What you will do> Reproduce every entry word for word.

Source material>
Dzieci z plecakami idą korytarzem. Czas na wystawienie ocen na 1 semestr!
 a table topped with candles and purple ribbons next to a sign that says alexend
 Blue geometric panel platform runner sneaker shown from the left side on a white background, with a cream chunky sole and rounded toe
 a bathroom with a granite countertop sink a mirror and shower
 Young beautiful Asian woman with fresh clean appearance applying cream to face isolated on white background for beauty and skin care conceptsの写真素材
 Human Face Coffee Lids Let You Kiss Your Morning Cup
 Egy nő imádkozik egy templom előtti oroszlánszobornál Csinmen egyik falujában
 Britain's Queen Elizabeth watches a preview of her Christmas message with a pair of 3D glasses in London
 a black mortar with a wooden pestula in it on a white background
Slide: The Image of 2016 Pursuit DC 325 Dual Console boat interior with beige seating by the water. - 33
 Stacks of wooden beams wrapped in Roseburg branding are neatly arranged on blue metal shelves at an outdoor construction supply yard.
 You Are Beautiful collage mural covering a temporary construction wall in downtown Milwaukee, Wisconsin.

Task answer>
Dzieci z plecakami idą korytarzem. Czas na wystawienie ocen na 1 semestr!
 a table topped with candles and purple ribbons next to a sign that says alexend
 Blue geometric panel platform runner sneaker shown from the left side on a white background, with a cream chunky sole and rounded toe
 a bathroom with a granite countertop sink a mirror and shower
 Young beautiful Asian woman with fresh clean appearance applying cream to face isolated on white background for beauty and skin care conceptsの写真素材
 Human Face Coffee Lids Let You Kiss Your Morning Cup
 Egy nő imádkozik egy templom előtti oroszlánszobornál Csinmen egyik falujában
 Britain's Queen Elizabeth watches a preview of her Christmas message with a pair of 3D glasses in London
 a black mortar with a wooden pestula in it on a white background
Slide: The Image of 2016 Pursuit DC 325 Dual Console boat interior with beige seating by the water. - 33
 Stacks of wooden beams wrapped in Roseburg branding are neatly arranged on blue metal shelves at an outdoor construction supply yard.
 You Are Beautiful collage mural covering a temporary construction wall in downtown Milwaukee, Wisconsin.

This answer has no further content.